### PROBLEM REQUIREMENTS
With pictures removed, output every record below exactly as written.

### TASK INPUT
-- Opening Marker --

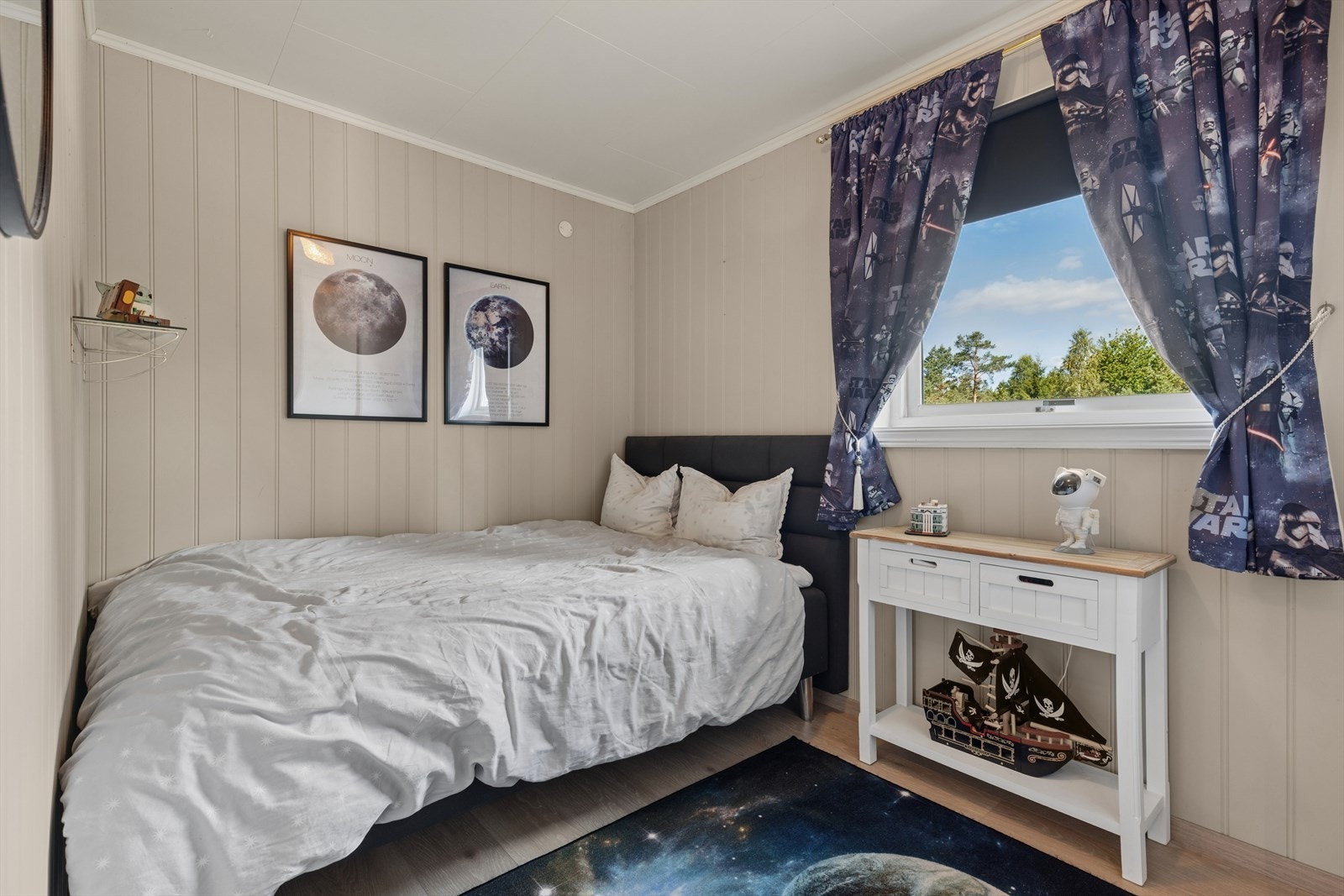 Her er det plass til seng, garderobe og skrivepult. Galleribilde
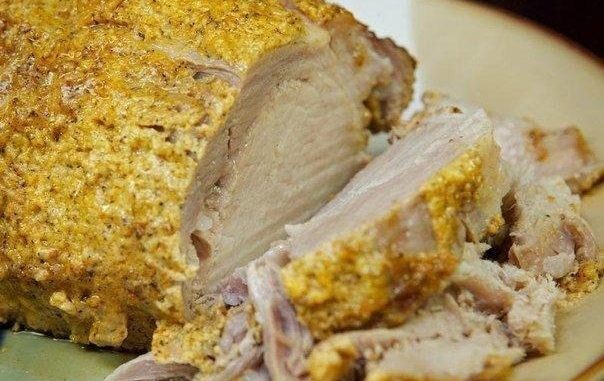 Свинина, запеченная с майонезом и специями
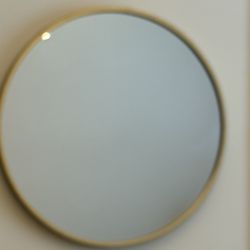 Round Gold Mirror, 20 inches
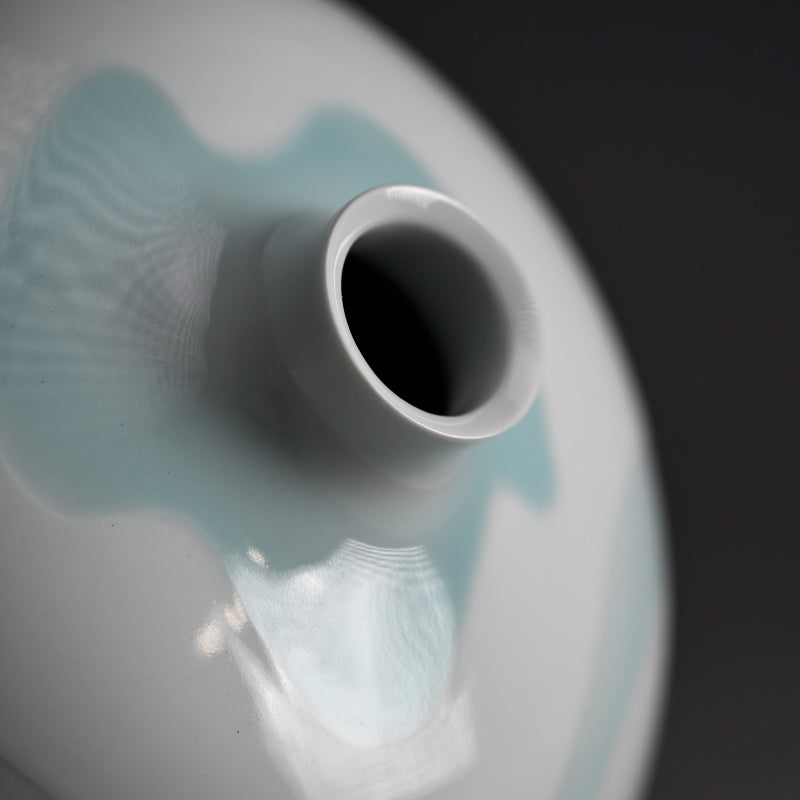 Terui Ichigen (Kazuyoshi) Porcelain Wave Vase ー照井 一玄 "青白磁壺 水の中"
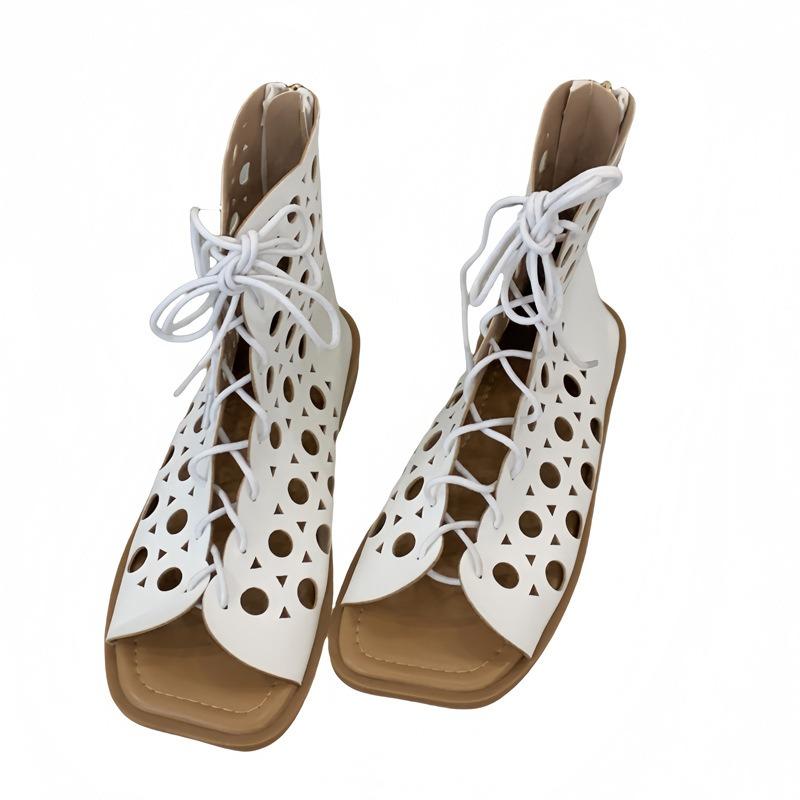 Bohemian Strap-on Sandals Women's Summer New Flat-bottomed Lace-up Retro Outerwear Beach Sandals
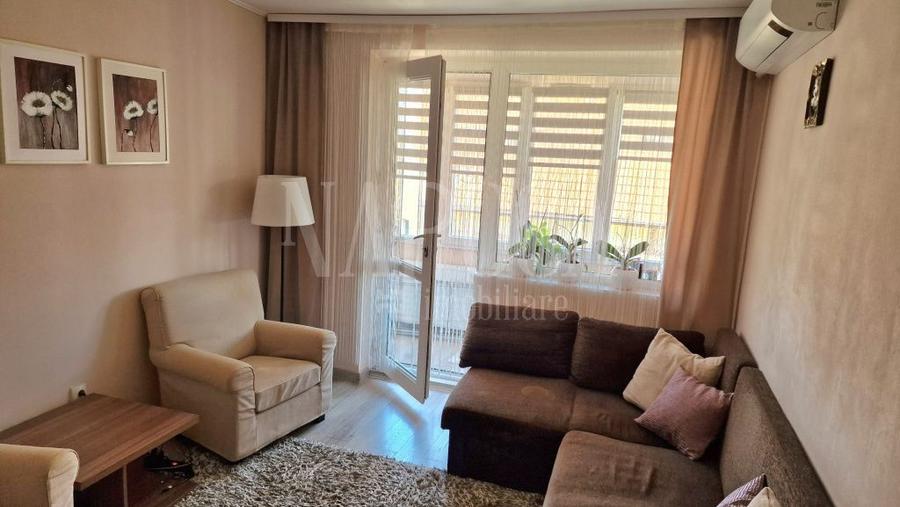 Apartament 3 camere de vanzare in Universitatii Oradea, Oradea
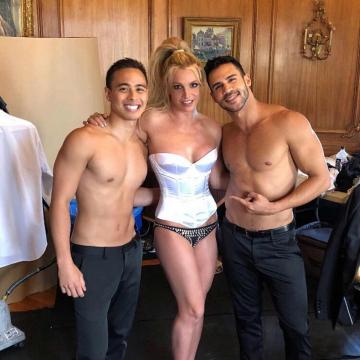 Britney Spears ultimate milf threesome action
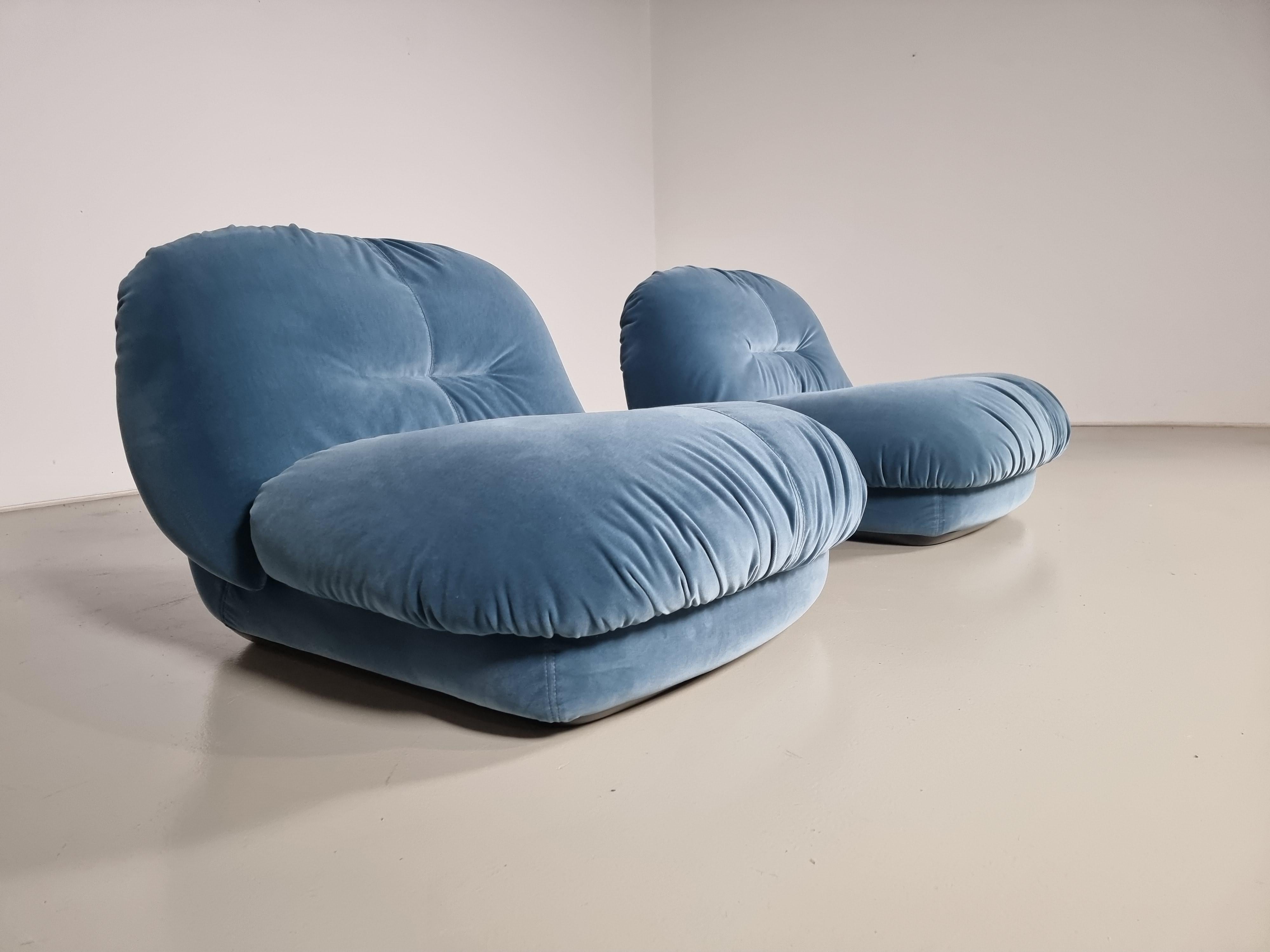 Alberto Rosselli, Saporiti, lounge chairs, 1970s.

-- Closing Marker --

### ANSWER SECTION
 Her er det plass til seng, garderobe og skrivepult. Galleribilde
 Свинина, запеченная с майонезом и специями
 Round Gold Mirror, 20 inches
 Terui Ichigen (Kazuyoshi) Porcelain Wave Vase ー照井 一玄 "青白磁壺 水の中"
 Bohemian Strap-on Sandals Women's Summer New Flat-bottomed Lace-up Retro Outerwear Beach Sandals
 Apartament 3 camere de vanzare in Universitatii Oradea, Oradea
 Britney Spears ultimate milf threesome action
 Alberto Rosselli, Saporiti, lounge chairs, 1970s.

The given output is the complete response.